▶ [COLLECTED DATA]

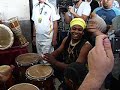 Arayê de Olodum tocando tambores en el FITA 2008 Arayê de Olodum tocando tambores en el FITA 2008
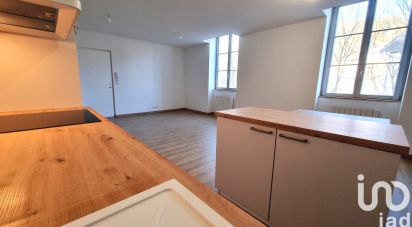 Apartment 4 rooms of 65 m² in Châtel-Guyon (63140)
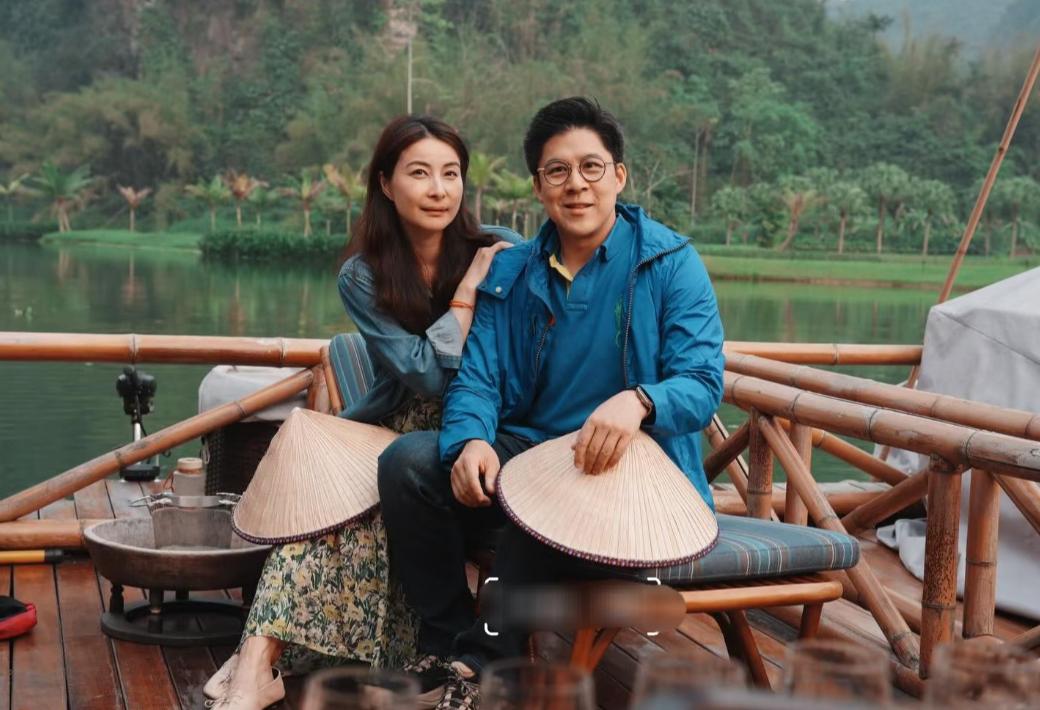 霍启刚，高调发文！4月7日，霍启刚突然在香港社媒高调发文，他大方公开分享了多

▶ [PROBLEM REQUIREMENTS]
Using the data above, write out every line exactly, leaving the images behind.

▶ [RESULT OF THE TASK]
 Arayê de Olodum tocando tambores en el FITA 2008 Arayê de Olodum tocando tambores en el FITA 2008
 Apartment 4 rooms of 65 m² in Châtel-Guyon (63140)
 霍启刚，高调发文！4月7日，霍启刚突然在香港社媒高调发文，他大方公开分享了多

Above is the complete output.